- Born: 24.11.1975 Krasnovolia, Manevychi Raion, Volyn Oblast, Ukrainian SSR
- Citizenship: Ukraine
- Education: Institute of Journalism of the Taras Shevchenko National University of Kyiv

= Volodymyr Horkovenko =

Volodymyr Horkovenko (Krasnovolia) is a Ukrainian politician and former journalist. He is involved in corruption scandals related to paid media attack campaigns. He is a member of the National Council of Television and Radio Broadcasting of Ukraine (since May 2019) and a deputy of the Kyiv Regional Council VIII convocation.

== Biography ==
He was educated at the Institute of Journalism of the Taras Shevchenko National University of Kyiv from 1993 to 1998.

He started his career in 1994 as a reporter at TRK "Avers" (Lutsk).

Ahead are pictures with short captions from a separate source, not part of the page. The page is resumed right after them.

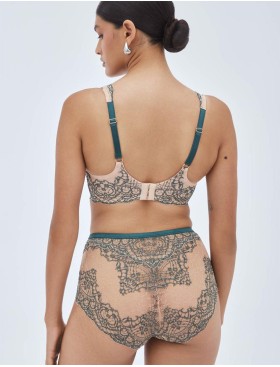 Трусы слипы Alles SPLENDORE classic beige-green, Цвет: бежевый, Размеры: L, изображение 5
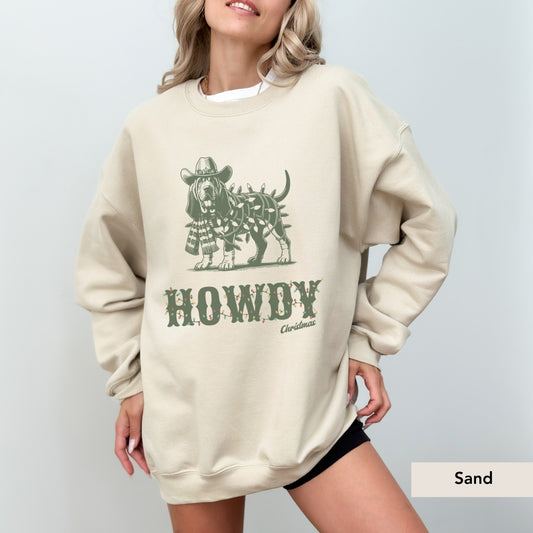 Bloodhound Howdy Christmas Sweatshirt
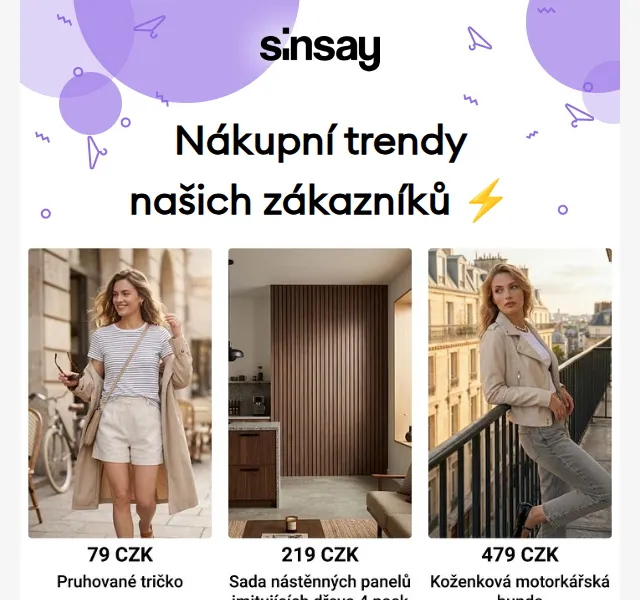 Sinsay: Nejprodávanější kousky – červenec 2026 | Nuslet.cz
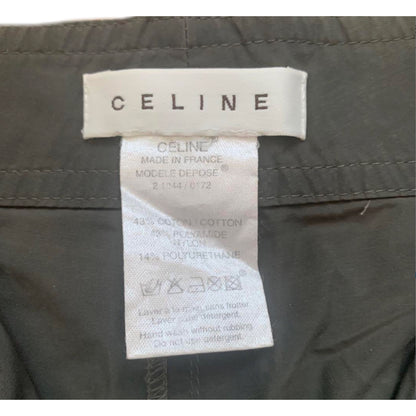 Celine Motor Zip Cargo Wide Leg Pants
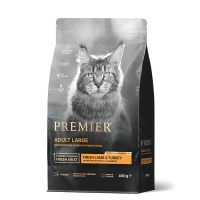 Premier Cat Lamb&Turkey ADULT LARGE сухой корм для кошек крупных пород, индейка и ягненок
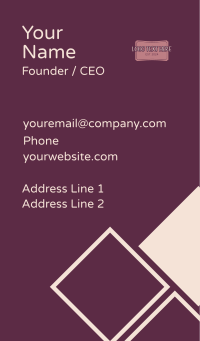 Script Handwriting Signage Business Card Design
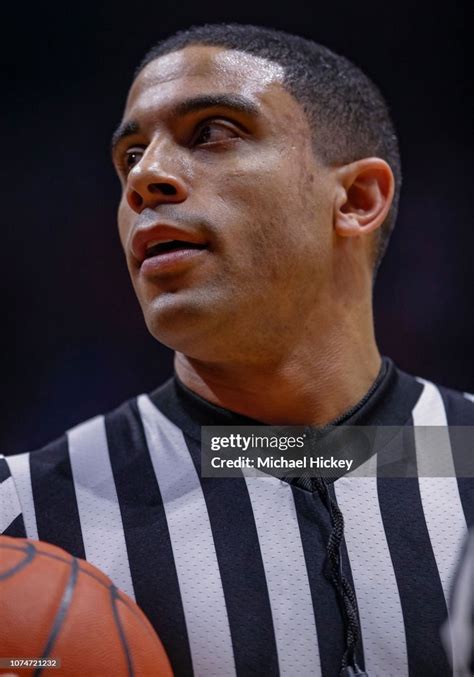 Ncaa Basketball Referee Courtney Green Is Seen During The Purdue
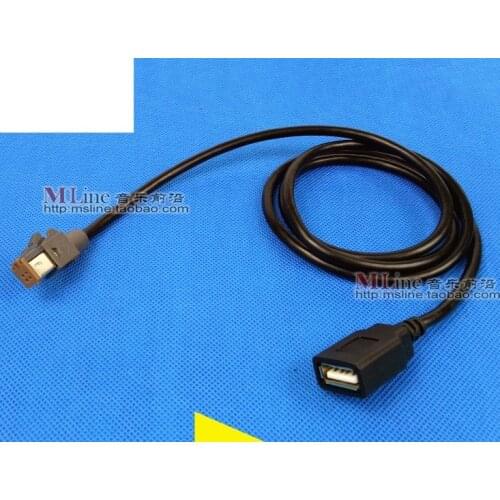 For Subaru Forester XV Outback Legacy flyaudio ER52 PR43 CD player USB cable car USB tail line wire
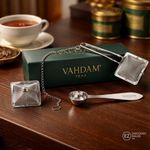 Vahdam Tea Infuser Set 3 of Pieces- Spoon and Mesh Infusers for Loose Tea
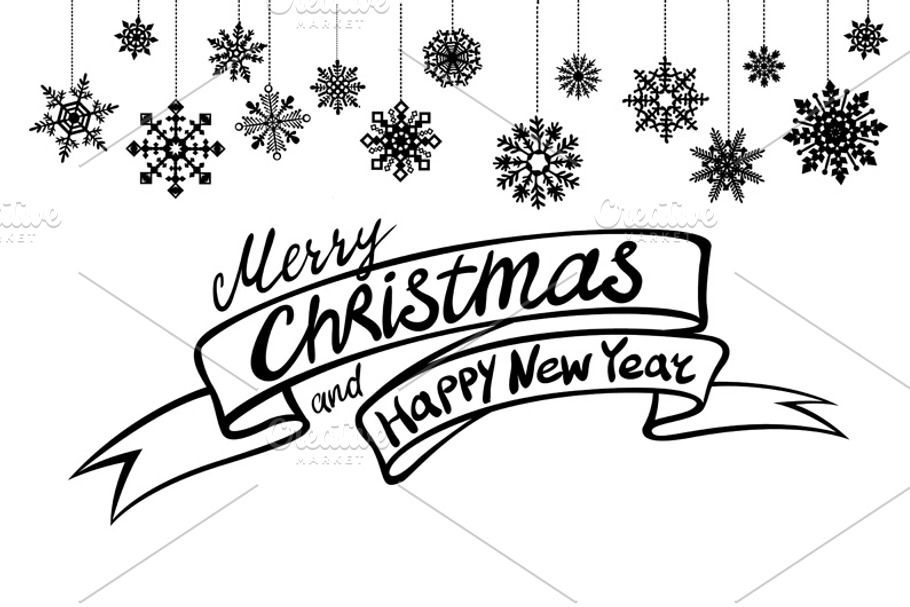 Merry Christmas and happy new year in Graphics - product preview 8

Since 1995, he worked on the "Vikna" program (MMC "Internews"), later as a journalist at "Inter", "ICTV". From February to June 2014, he worked at the "Ukrayina" TV channel.

From 2014 to May 2019, he headed the domestic, regional, and foreign media relations department of the Presidential Administration of Ukraine under Petro Poroshenko, holding the 5th rank of civil servant.

On May 4, 2019, he was appointed a member of the National Council of Television and Radio Broadcasting of Ukraine. On May 24, President Volodymyr Zelenskyy canceled President Poroshenko's decree appointing Horkovenko to the NCTRB.

On December 19, 2010, the Supreme Court declared the President's decree canceling Horkovenko's appointment to the NCTRB unlawful.

On October 25, 2020, he was elected as a deputy of the Kyiv Regional Council from the "European Solidarity" party in constituency No. 3 (Boryspil Raion).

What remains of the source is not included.